= What the exercise asks =
For the entries that follow, give the number of lines holding the string "Desert" and nothing more.

Start of Data excerpts

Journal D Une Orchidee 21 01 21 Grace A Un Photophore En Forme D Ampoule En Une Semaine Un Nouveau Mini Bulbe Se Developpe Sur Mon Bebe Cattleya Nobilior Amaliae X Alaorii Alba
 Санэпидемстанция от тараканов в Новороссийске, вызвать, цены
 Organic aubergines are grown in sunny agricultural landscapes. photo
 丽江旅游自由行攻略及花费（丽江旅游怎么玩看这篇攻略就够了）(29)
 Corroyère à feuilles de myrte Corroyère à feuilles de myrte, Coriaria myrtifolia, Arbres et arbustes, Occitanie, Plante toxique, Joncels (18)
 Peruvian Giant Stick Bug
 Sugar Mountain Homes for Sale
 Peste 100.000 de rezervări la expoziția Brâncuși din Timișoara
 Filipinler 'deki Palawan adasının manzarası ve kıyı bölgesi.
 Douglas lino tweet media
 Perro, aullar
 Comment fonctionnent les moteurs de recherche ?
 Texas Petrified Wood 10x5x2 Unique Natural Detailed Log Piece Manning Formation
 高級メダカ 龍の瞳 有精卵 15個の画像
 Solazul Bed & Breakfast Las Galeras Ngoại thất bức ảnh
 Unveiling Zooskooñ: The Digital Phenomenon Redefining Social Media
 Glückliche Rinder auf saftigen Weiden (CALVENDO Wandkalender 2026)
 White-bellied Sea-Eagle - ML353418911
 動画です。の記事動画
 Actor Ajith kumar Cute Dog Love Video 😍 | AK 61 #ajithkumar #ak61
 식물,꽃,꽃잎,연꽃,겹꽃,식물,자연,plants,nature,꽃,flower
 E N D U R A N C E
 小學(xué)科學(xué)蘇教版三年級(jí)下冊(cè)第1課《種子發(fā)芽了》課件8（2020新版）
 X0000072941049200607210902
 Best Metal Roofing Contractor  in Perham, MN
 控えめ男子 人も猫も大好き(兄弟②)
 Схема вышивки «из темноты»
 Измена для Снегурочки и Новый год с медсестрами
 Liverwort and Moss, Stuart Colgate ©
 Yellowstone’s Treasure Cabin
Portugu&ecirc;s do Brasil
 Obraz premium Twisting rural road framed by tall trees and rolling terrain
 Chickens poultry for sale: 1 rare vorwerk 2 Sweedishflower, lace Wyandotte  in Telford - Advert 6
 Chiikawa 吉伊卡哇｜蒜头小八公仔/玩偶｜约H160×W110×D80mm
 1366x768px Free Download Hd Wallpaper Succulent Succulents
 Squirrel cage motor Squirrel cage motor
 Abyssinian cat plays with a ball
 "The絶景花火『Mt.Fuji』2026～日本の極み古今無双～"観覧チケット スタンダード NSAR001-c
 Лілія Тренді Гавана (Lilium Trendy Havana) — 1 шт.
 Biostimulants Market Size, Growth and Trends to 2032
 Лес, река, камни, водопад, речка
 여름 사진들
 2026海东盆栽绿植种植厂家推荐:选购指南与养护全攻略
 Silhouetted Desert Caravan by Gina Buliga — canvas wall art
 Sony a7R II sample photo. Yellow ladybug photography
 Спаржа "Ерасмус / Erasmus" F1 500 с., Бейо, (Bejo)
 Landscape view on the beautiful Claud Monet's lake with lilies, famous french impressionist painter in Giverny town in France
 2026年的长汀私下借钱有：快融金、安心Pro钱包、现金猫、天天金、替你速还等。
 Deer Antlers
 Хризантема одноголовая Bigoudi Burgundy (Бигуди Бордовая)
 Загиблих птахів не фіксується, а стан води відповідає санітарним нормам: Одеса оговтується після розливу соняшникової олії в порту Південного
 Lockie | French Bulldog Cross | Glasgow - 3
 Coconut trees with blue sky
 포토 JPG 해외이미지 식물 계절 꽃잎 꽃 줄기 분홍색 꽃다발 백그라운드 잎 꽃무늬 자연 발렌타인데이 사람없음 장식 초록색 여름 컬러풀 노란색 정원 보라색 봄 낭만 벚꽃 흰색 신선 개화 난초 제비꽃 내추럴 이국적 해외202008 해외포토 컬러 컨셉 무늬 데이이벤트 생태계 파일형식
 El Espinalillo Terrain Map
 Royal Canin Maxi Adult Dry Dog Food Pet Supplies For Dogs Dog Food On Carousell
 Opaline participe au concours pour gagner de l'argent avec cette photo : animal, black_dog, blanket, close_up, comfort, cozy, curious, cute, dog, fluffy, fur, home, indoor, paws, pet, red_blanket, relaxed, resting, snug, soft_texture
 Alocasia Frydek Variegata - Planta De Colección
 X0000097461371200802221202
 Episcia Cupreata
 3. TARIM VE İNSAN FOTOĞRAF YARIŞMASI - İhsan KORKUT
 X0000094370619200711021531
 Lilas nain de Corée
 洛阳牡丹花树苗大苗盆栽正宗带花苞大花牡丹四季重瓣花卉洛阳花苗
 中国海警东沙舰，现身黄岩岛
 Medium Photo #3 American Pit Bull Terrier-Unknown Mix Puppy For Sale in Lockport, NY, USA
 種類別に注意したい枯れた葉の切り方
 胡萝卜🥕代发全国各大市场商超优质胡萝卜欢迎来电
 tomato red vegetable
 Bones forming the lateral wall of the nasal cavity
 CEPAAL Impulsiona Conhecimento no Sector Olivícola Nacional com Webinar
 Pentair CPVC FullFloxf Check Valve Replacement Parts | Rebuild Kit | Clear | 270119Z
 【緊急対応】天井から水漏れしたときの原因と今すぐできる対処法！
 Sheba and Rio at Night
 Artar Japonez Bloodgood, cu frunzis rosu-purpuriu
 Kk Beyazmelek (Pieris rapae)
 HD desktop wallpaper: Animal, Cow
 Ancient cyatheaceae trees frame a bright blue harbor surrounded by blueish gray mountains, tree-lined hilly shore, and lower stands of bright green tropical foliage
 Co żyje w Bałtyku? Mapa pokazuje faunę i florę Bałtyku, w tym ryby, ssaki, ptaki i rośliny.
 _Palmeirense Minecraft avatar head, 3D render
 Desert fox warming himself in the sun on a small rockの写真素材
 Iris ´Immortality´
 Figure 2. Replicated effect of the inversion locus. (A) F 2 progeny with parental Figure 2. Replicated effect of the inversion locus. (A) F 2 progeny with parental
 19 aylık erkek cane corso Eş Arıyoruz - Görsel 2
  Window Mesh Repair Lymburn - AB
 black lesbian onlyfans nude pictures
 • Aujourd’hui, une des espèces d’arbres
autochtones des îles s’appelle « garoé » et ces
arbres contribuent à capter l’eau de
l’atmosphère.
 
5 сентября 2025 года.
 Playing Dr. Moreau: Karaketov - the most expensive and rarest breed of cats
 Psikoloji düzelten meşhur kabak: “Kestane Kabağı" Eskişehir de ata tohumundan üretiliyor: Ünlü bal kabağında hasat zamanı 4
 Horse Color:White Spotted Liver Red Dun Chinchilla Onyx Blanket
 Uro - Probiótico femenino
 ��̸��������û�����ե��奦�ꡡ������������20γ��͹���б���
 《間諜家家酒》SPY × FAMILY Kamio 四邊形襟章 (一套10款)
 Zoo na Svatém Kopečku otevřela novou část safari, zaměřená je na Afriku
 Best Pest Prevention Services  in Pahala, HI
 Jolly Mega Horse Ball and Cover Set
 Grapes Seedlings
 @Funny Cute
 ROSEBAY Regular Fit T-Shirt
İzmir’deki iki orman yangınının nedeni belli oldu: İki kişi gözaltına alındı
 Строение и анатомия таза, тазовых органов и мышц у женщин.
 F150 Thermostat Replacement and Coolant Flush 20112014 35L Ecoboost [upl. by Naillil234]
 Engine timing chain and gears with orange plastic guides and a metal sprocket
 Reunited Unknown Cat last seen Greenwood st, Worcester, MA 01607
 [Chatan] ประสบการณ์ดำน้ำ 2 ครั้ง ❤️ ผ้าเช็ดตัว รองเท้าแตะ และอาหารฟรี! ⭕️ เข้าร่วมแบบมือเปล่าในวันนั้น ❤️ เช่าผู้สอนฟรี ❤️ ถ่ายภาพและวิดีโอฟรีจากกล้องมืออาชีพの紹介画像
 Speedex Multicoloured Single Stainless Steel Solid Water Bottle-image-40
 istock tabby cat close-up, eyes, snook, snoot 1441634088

End of Data excerpts

= Output below =
2